The death of eight French soldiers in an air attack by government forces in Ivory Coast yesterday underlines the risks involved in sending peacekeepers to conflict zones without proper rules of engagement and adequate logistical support. The Ivorian Air Force’s attack came after French troops prevented an Ivorian ground unit from using a road for an assault on Bouake, a city held by Muslim rebels in the north. By barring the route, however, the French were only doing their job as mandated by the United Nations. They were enforcing a cease-fire signed between the Ivorian government and the rebels last July.
Last week the Ivorian government claimed that the rebels had not met an Oct. 15 deadline that the UN had fixed for them to disarm.

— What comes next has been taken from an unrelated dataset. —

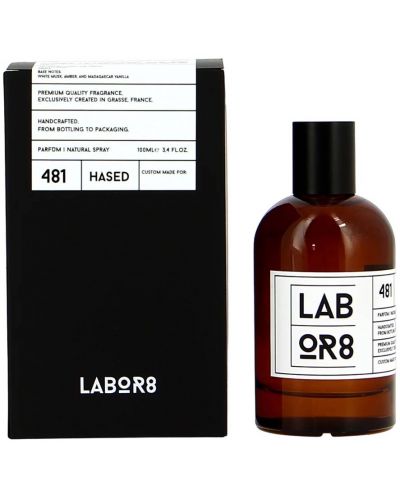 Labor8 Apă de parfum Hased 481, 100 ml - 1
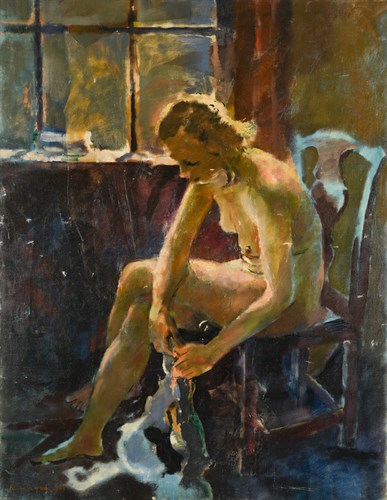 Lot 227 - Kenneth Green, RP (British, 1905-1986)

Ivory Coast military commanders have vowed to retake the North, held by Muslim rebels since the September 2002 start of the war in the world’s top cocoa producer. Rather than using the mechanism in place for arbitration by the UN, the Ivorian government decided to launch an air and land attack on Bouake. This started with an air raid last Thursday amid a massive propaganda campaign designed to inflame anti-Muslim sentiments. The Ivorian regime’s next move was to dispatch an armored column to attack Bouake on land. When the French stopped that column, the Ivorians sent their Sukhoi bombers to raid the UN positions, killing eight French soldiers and wounding 23 others.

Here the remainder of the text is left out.